> **Exercise description**
Copy every entry exactly as it stands, though any image it holds should stay out of the copy.

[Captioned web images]
Content starts
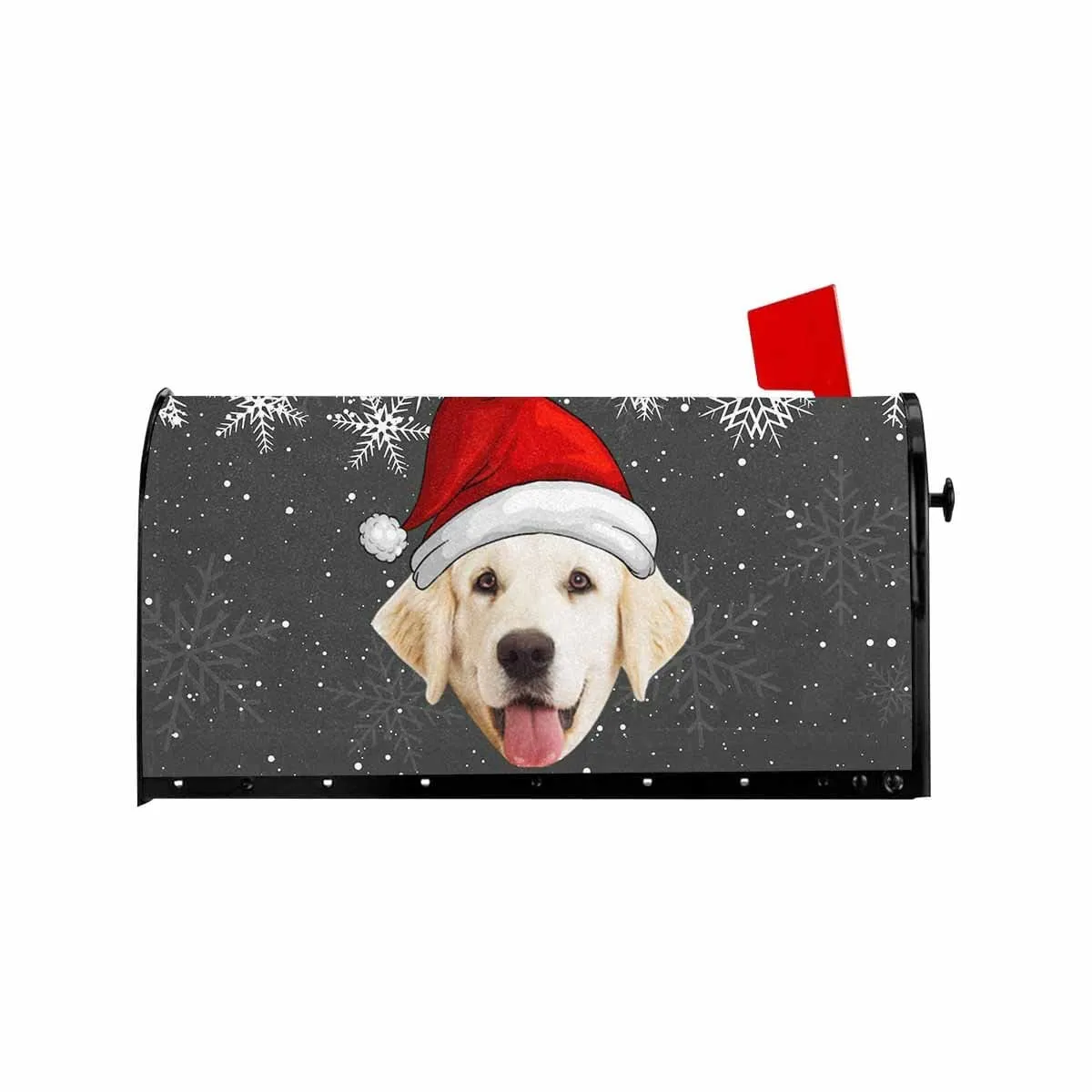 Custom Face Christmas Hat Mailbox Cover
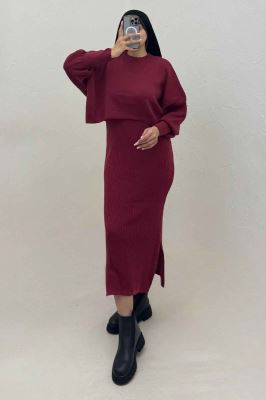 ست دو تیکه سارافن بافت کبریتی و رویه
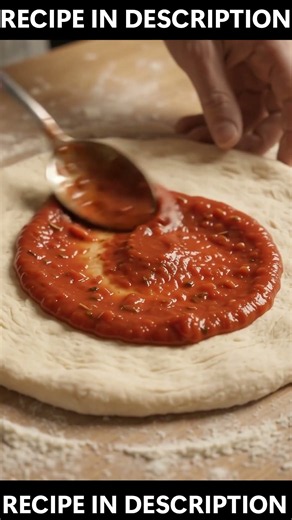 Homemade Margherita Pizza From Scratch 🍕 | Easy Crispy Pizza Recipe #Shorts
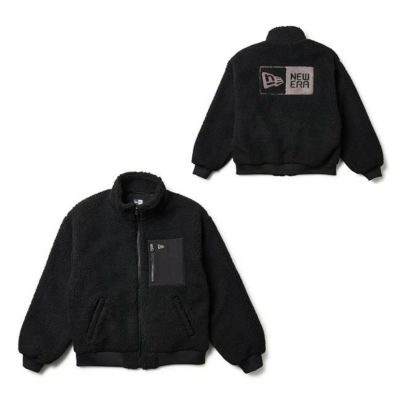 ジャケット NEW ERA ニューエラ Boa Blouson Over Sized Black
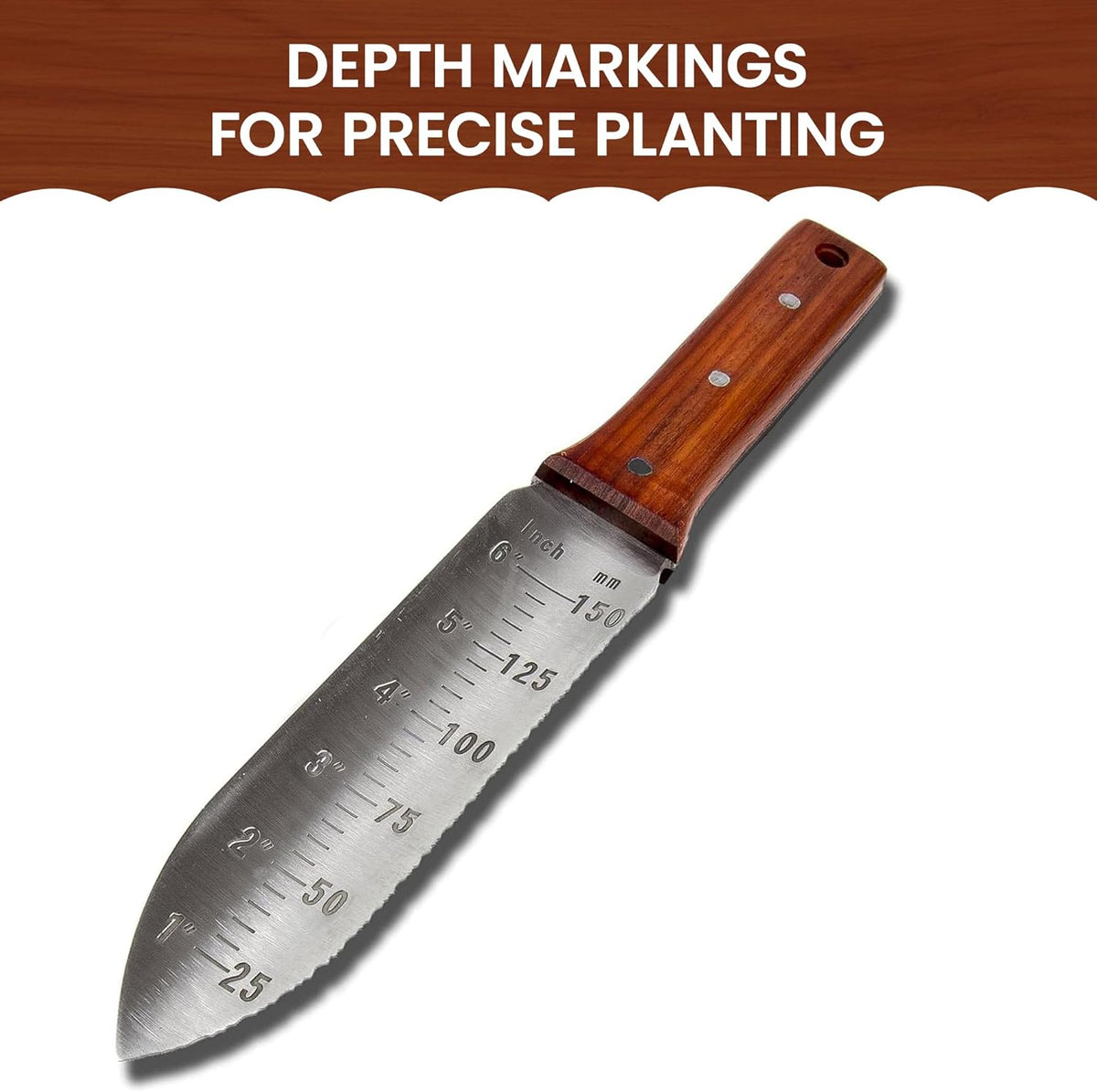 Garden Guru Hori Hori Gardening Knife for Weeding, Digging, Pruning, and Cultivating - Stainless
Content ends
> **Solved exercise**
 Custom Face Christmas Hat Mailbox Cover
 ست دو تیکه سارافن بافت کبریتی و رویه
 Homemade Margherita Pizza From Scratch 🍕 | Easy Crispy Pizza Recipe #Shorts
 ジャケット NEW ERA ニューエラ Boa Blouson Over Sized Black
 Garden Guru Hori Hori Gardening Knife for Weeding, Digging, Pruning, and Cultivating - Stainless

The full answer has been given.